Taraftar Kart sayesinde Daum’unda Fenerbahçeliliği tescillenmiş oldu böylelikle. Gelirken havaalanında çalınan laptop’un akıbeti ne olur? bilmem fakat biliyorum ki Daum’da bir Fenercell abonesi artık. Bu hattı kullanırsa bizlerin faydalandığı Fenercell ayrıcalıklarından kendisi de yararlanacak. Maç günleri mesaj, biz çılgın Türklerin tabiriyle “Beleş” olacak mesela. Bize gelen bilgi ve ilgi mesajları artık ona da gelecek. Sadece renk kardeşliği değil, tarife kardeşliği de olacak yeni hocamızla aramızda. Hangi tarifeyi tercih edeceği ise kendisine kalmış.
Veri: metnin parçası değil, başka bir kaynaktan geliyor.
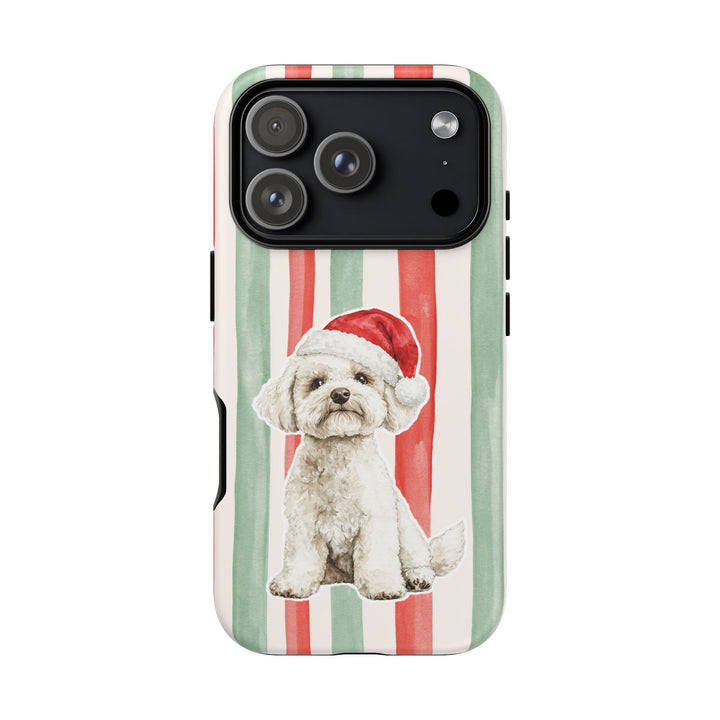 Maltese Christmas Tough iPhone Case, Red Sage Stripes, Santa Dog Phone Cover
Birazda çiçeği burnunda ve attığı 3 yıllık imzanın mürekkebi henüz kurumayan Hocamızın “Takımımızda ne yapabilir?” ona değinelim isterseniz. 2003-04 sezonunun başında gelmişti ilk olarak takımımızın başına. Bir an önce bitmesi için dualar ettiğimiz 2002-2003 sezonunda, dönemin şampiyonu Beşiktaş’tan tam 36 puan geriye düşmüştük. Daum bir Fenerbahçe enkazı devralmıştı tabiri caizse. Sezon sancılı başlasa da, 100’üncü yıl yorgunu Beşiktaş’ın ardı ardına çelme yemesini iyi değerlendirerek şampiyonluğu kucaklamıştı Daum daha ilk yılında. Hocamızın takımımızın başındaki ikinci yılı ise ezeli rakip Galatasaray’ın 100’üncü kuruluş yılına denk geliyordu. Şampiyon kadromuz sezon boyu lider götürdüğü ligin sonunda ipi bir kere daha göğüsleyerek, hem uzunca bir aradan sonra iki yıl üst üste şampiyon olmanın mutluluğunu bizlere yaşatıyor, hem de ezeli rakibin 100’üncü yılını hüzüncü yıla çeviriyordu. Daum’un üçüncü ve son sezonunda şampiyonluğun nasıl kaçtığını hepimiz zaten biliyoruz.
Ve Daum 3 yıllık ayrılığın ardından tekrar ait olduğu yerde, yani ikinci evinde. Samandıra koridorlarında yine yeniden gurbetçi Türkçesi yankılanacak. Her maç öncesi okunan ve bazılarınca kaldırılması gündeme getirilen İstiklal Marşımızda yine ilk önce onun dudakları kıpırdayacak. Hatta belki de unlu, yumurtalı doğum günü kutlamaları kaldığı yerden devam edecek. Laf aramızda; 31’inci yaşını Samandıra’da kutlayan bu satırların sahibi, yani bendenizin bu kez 32’nci yılım için iştahım kabarmakta.
İtiraf etmeliyim ki; ezeli rakibin Rijkaard’ı getirmesi yutkunmama neden olmuştu. Fakat unuttuğum bir şey vardı. Rijkaard her ne kadar daha fazla tanınmış olsa da, ligimiz için kapalı bir kutu. Oysa Daum süper ötesi ligimizin hiç de yabancısı değil. Dolayısıyla başarılı olma ihtimali oldukça yüksek. Parlak yarınlara bizler inanalım ki, takımımız da inansın.